You appear to be arguing that the behavior isn't gross in general, in which
case rando definitely is the right measure. Maybe you're only arguing it's not
gross when Zed Shaw does it. That seems dubious to me, in that a) most people
don't know who he is, and b) many reasonable people differ from you in their
analysis of his reliability. (Indeed, many people mainly know him as being a
high drama jackass. [1]) Maybe you're just arguing it's not gross _to you_ and
_when it 's Zed Shaw_, but even there the neighbor thing is a bad analogy in
that your relationship with Zed Shaw is not social, but parasocial. There is
no reciprocal benefit serving as a check on his behavior.

> He is framing it in a way that makes it seem Zed will exercise this right
> unreasonably. At least, that's the way I understood what he said.

You understood it poorly.
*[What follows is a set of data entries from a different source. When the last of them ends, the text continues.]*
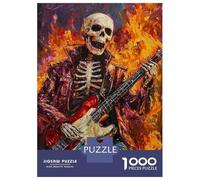 1000 Piece Jigsaw Puzzle for Adults Skeleton Rocker in Flames Painting Teenager Puzzles Relaxing Games Enhance Memory Unique Gifts for Birthday And Christmas 70x50cm/1000pcs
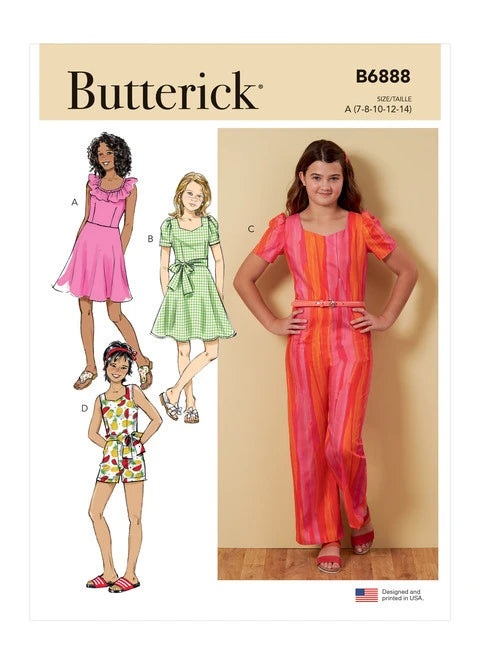 Butterick Dress, Jumpsuit, Romper B6888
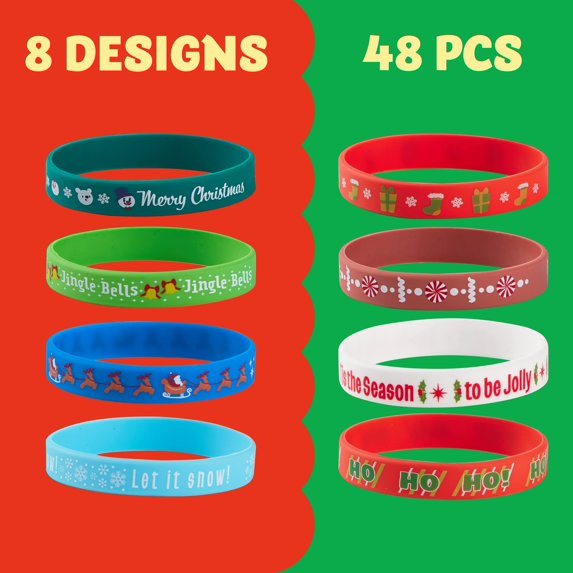 Joyfy 48 PCS Christmas Bracelets Toys for Kids, Silicone Rubber Bracelet Wristbands for Stocking Stuffers Gift Christmas Party Supply Favor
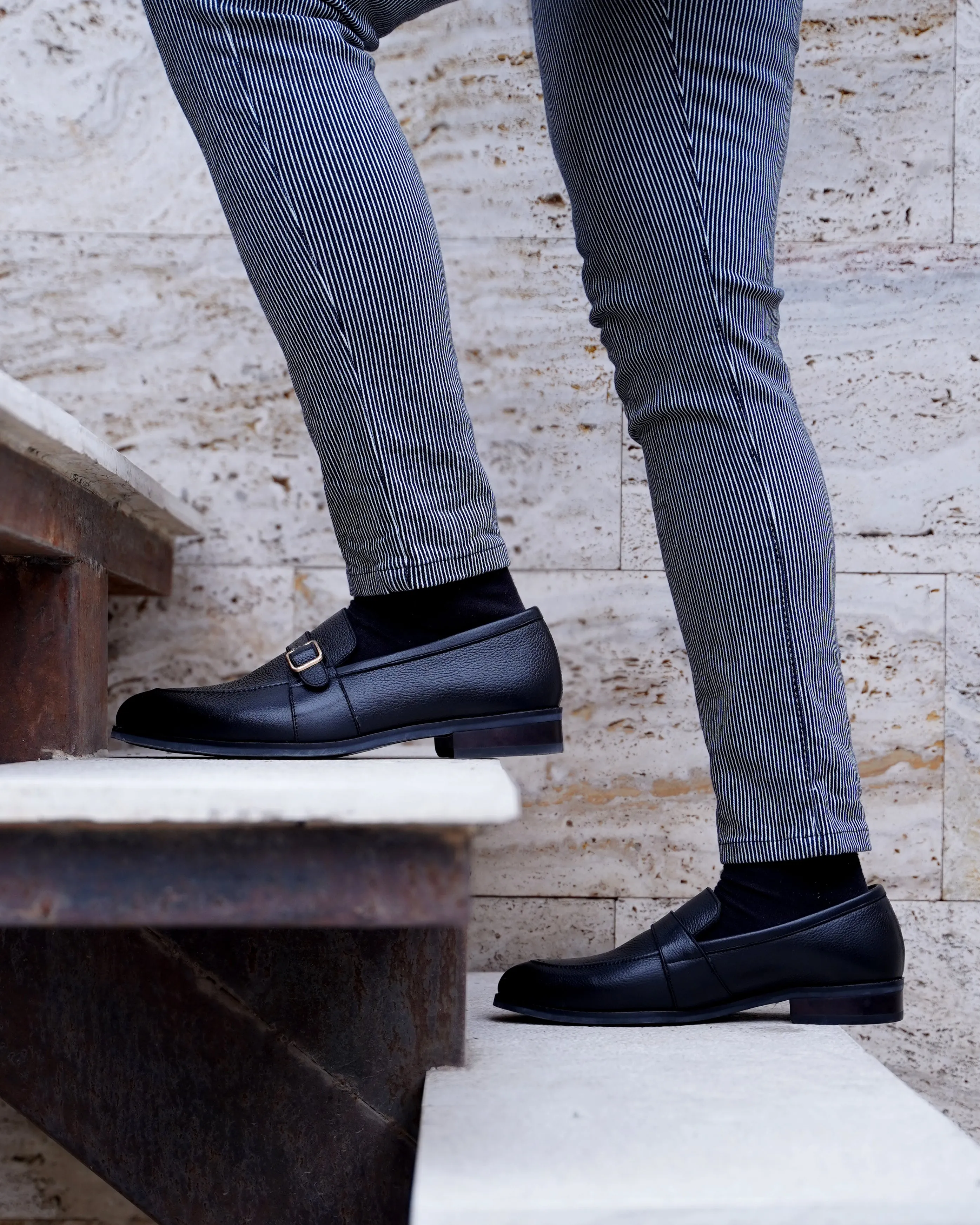 Brasilia - Men's Black Pebble Grain Leather Loafer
He said "can", not "will". Contracts are not about
giving people the benefit of the doubt. They're about locking things down to
remove doubt. If we just assumed good things about everyone, we wouldn't need
contracts. So this is analysis of capability, not intent.

Given that the clause is there, I think there are two reasonable
interpretations: a) Zed Shaw is an idiot, who puts random clauses into
licenses, or b) Zed Shaw is reasonably smart, and put that clause in there
because he was thinking of cases where he'd use it. On whom? In what
circumstances? The license doesn't say. It introduces a great deal of legal
risk, and of doubt. It seems a little rich to me for Shaw to go out of his way
to create a great deal of doubt and have anybody expect he should be given the
benefit of it.

[1] [https://techcrunch.com/2008/01/01/zed-shaw-puts-the-smack-
do...](https://techcrunch.com/2008/01/01/zed-shaw-puts-the-smack-down-on-the-
rails-community/)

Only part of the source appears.